By ‘traditional methods’ we refer to the relational database environments (RDBMS) where data is organized into a set of formally described tables and often accessed using the structured query language (SQL). These systems were designed decades ago when data was much more structured and less accessible. With the development of web technologies and open source architectures, database management systems have also evolved. The most notable expression of this is MySQL, which is open-source and easily accessible to the beginner, and often bundled into software packages in some variation of the LAMP environment. By contrast, more than half of the digital data today is the unstructured data from social networks, mobile devices, web applications and other similar sources.

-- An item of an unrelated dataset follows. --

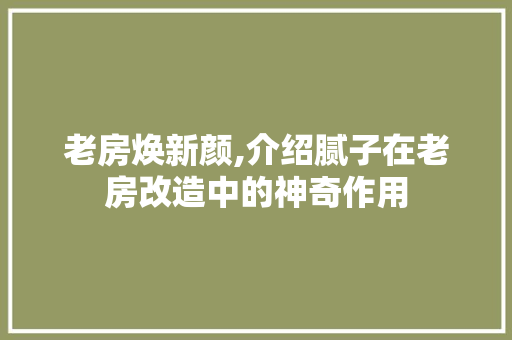 老房焕新颜,介绍腻子在老房改造中的神奇作用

While Big Data has become a “big” buzzword in the IT industry today – similar to and, in many ways, a consequence of the Cloud computing phenomenon – and has spun off many kinds of definitions, the essence of the phenomenon can be summed up in the following O’Reilly definition: “Big data is data that exceeds the processing capacity of conventional database systems. The data is too big, moves too fast, or doesn’t fit the strictures of your database architectures. To gain value from this data, you must choose an alternative way to process it.”
The need to understand and manage Big Data has become the bread and butter of IT and engineering teams at major tech companies like Google, Amazon, Facebook, Twitter, as well as other entities that traffic millions of users. But what solutions are available to the SMB, to the average sized business? According to a study released in April 2012 by Techaisle, a survey of over 800 SMBS revealed that 34 percent of US mid-market businesses that are currently using business intelligence are also interested in big data analytics.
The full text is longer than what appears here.